Here’s another quick fix for a small issue you may encounter when upgrading your project to Visual Studio 2010. You may find that the import works okay, but when you go to compile, you get the following error message:
Cannot import the following key file: keyfile.pfx. The key file may be password protected. To correct this, try to import the certificate again or manually install the certificate to the Strong Name CSP with the following key container name: VS_KEY_0123456701234567
The cause of the error is exactly as Visual Studio described: it can’t open the key file it needs to access because the key file is password protected. The suggested fix, however, is not likely to set you on the right path. In fact, Visual Studio should really just fix this itself. In previous versions, it would. Remember you’d occasionally get a password prompt when opening a project for the first time?

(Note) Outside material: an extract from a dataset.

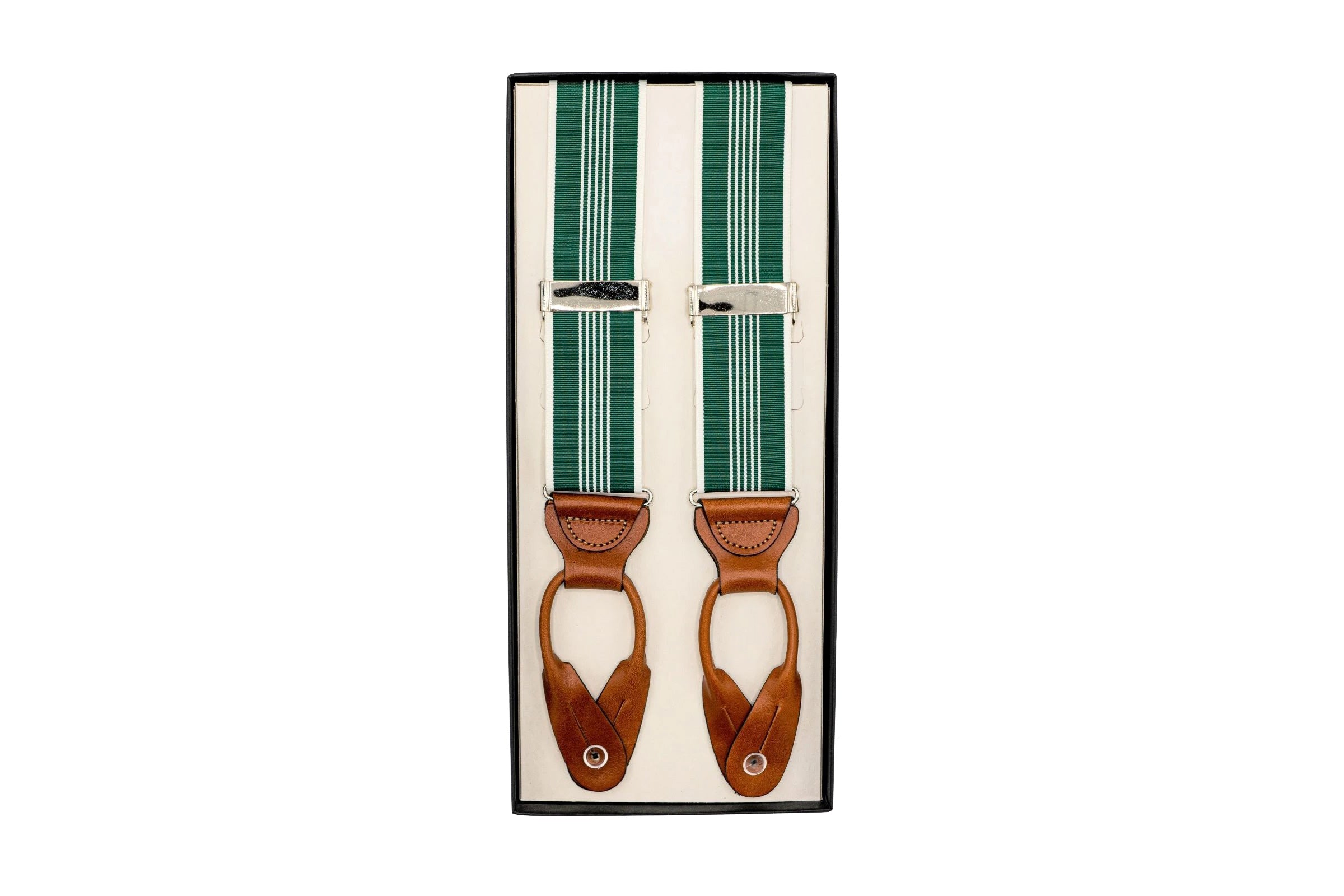 Cricket Stripe Suspenders Kelly Green: Circa 1933 Collection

Well, all we need to do to fix this is trigger Visual Studio to ask you for the password. Then, it will do its thing and you’ll be set. Try this:
- Open Project Properties.
- Click on the Signing section.
- Where it says ‘Choose a strong name key file:’, reselect the current value from the drop-down box:
- Visual Studio will now prompt you for the password. Enter it.
- You might get another error message:
”An attempt was made to reference a token that does not exist”
If so, just ignore it. - Click the ‘Change Password” button:
- Enter the original password in all three boxes and click OK. If you’d like to change your password (or if your old password doesn’t meet complexity requirements), you can do so now.
- Repeat for each key file in your project.
- Save your project and do a rebuild.
Of course, there are less empirical ways of solving this, but they involve using the signtool.exe application and messing around with the certificate store. This might not be the most impressive way of solving this problem, but it seems to work.